[EXERCISE]:
Exactly as written, reproduce the lines from the beginning of the data through the line containing "Gebze Belediye Başkanı"; the pictures are not reproduced.

[DATA TO USE]:

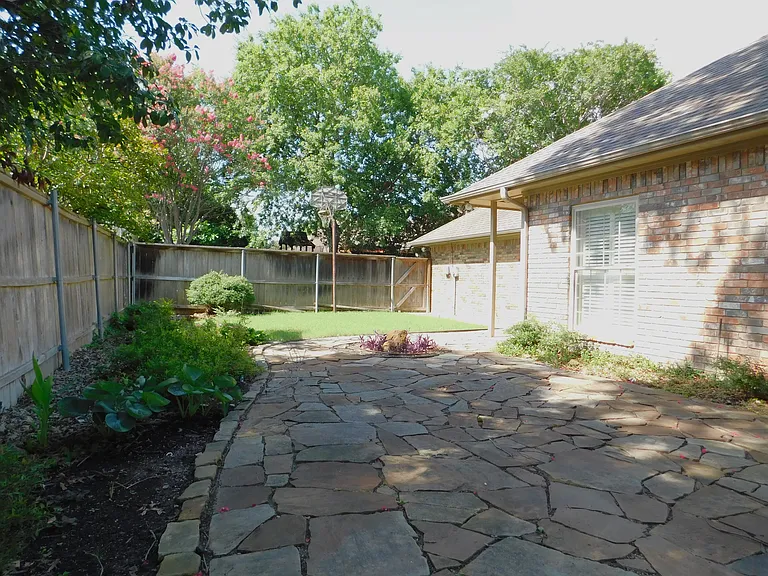 3105 Old North Rd — Photo 40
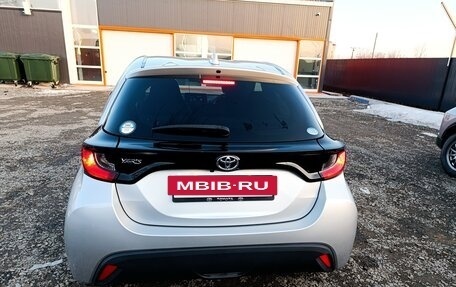 Toyota Yaris, 2020 год, 1 155 000 рублей, 11 фотография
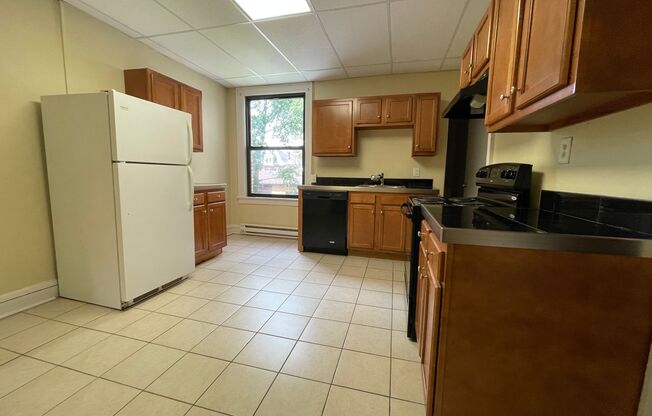 1 bed, 1 bath, 640 sqft, $1,249, Unit 7227 Penn Ave. #2A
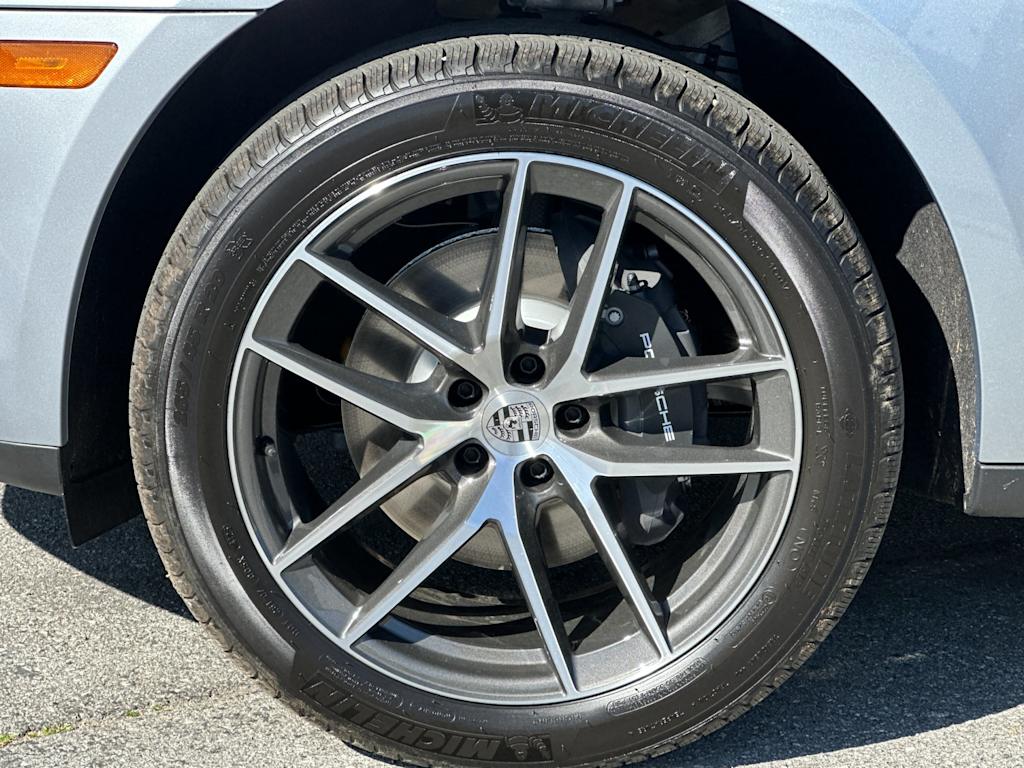 Thumbnail: 2026 Porsche Macan - 8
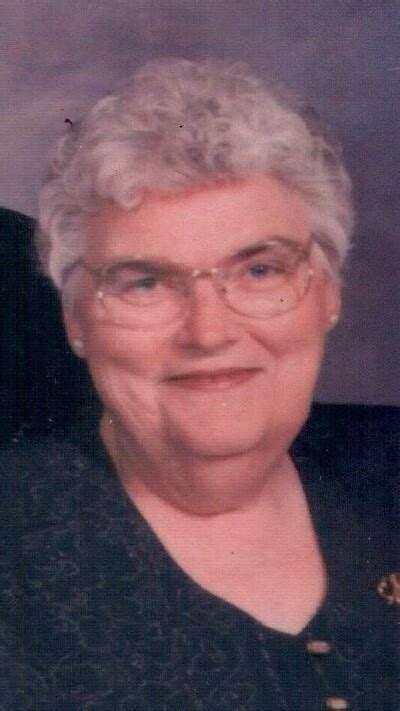 Obituary Rosemary Sanders Of Poplar Bluff Missouri White Sanders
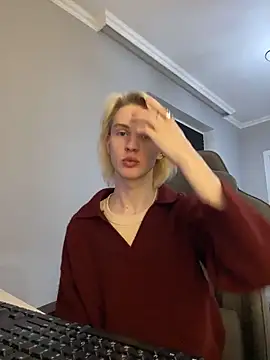 lucidangelok1 online show from March 17, 9:06 pm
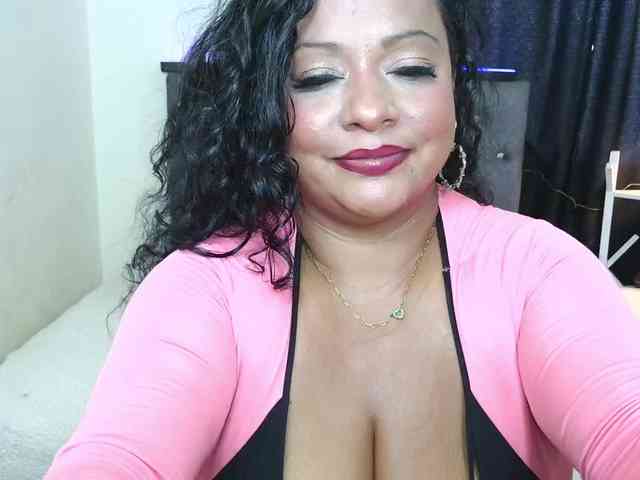 JoanaQueens webcam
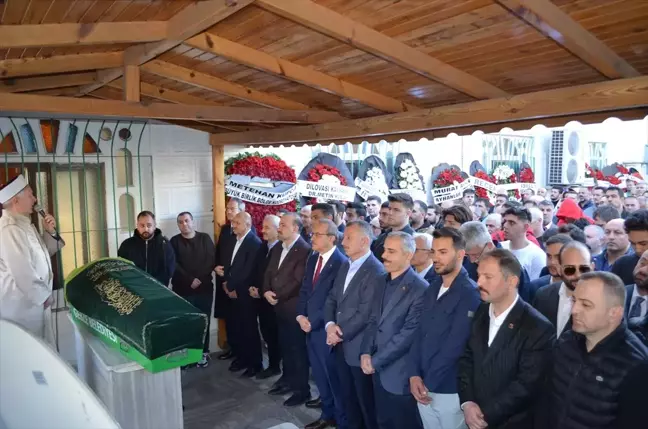 Gebze Belediye Başkanı Zinnur Büyükgöz'ün annesi toprağa verildi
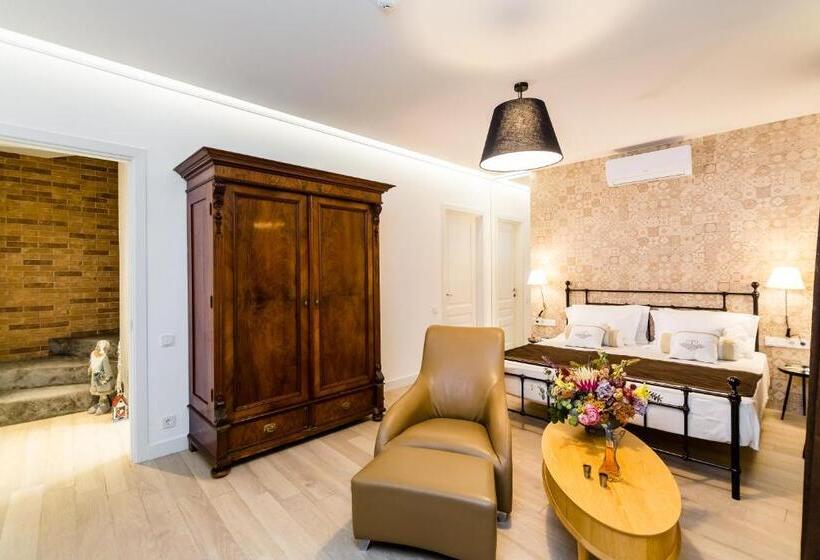 استودیوی استاندارد با چشم‌انداز شهر, Boutique Apart Upe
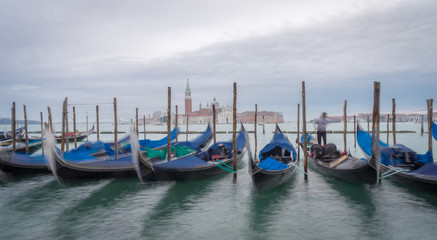 Fototapeta na wymiar Venise, Italy - 03 10 2018: Le grand canal, ses gondoles et l'église San Giorgio Maggiore en fond avec pause longue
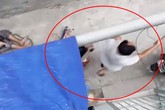 Kinh hoàng clip cụ bà ở Hà Nội bị chó cắn máu me đầm đìa, người phụ nữ cố giải cứu trong bất lực Kinh hoàng clip cụ bà ở Hà Nội bị chó cắn máu me đầm đìa, người phụ nữ cố giải cứu trong bất lực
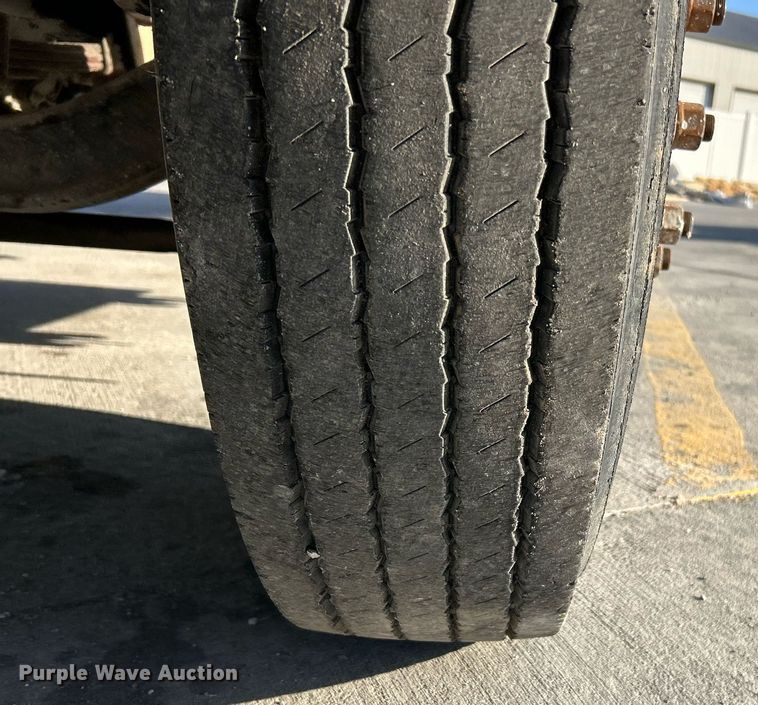 image for item NR9389 1995 Ford F800  flatbed truck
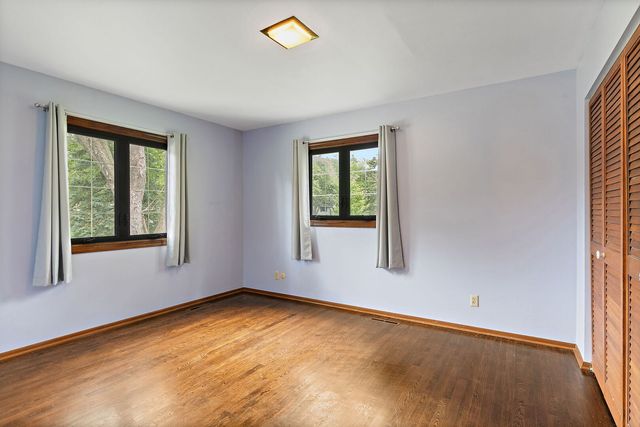 2916 Skyline Drive, Crystal Lake, IL 60012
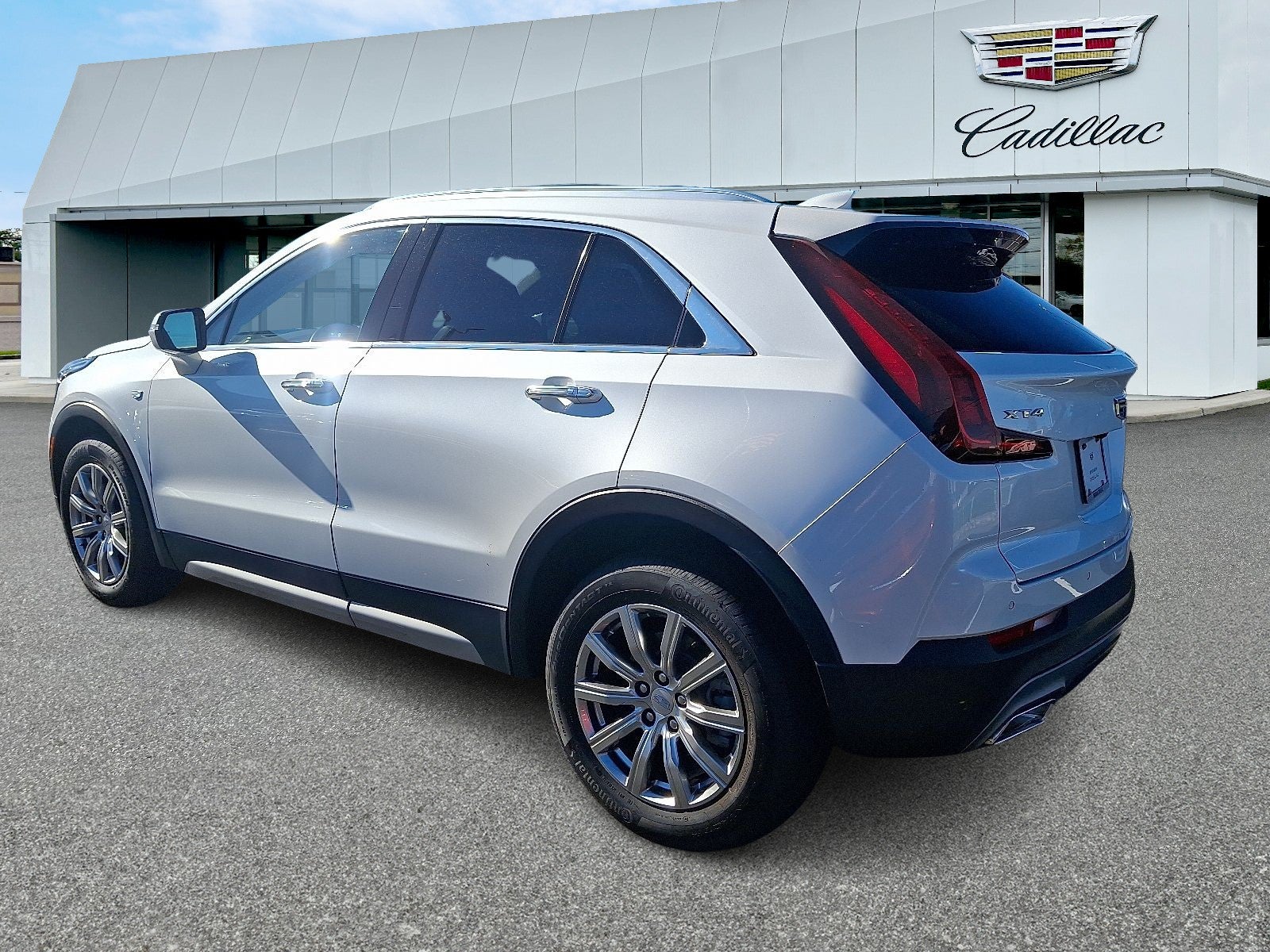 2021 Cadillac XT4 Premium Luxury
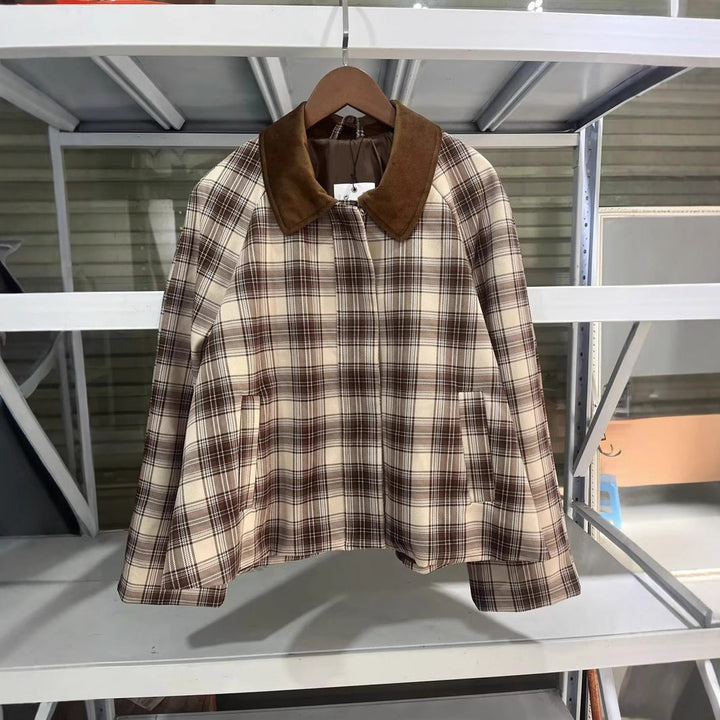 Dam rutig övergångsjacka med kontrasterande velvet krage, concealed front placket, och påsydda fickor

[SOLUTION TO THE PROBLEM]:
 3105 Old North Rd — Photo 40
 Toyota Yaris, 2020 год, 1 155 000 рублей, 11 фотография
 1 bed, 1 bath, 640 sqft, $1,249, Unit 7227 Penn Ave. #2A
 Thumbnail: 2026 Porsche Macan - 8
 Obituary Rosemary Sanders Of Poplar Bluff Missouri White Sanders
 lucidangelok1 online show from March 17, 9:06 pm
 JoanaQueens webcam
 Gebze Belediye Başkanı Zinnur Büyükgöz'ün annesi toprağa verildi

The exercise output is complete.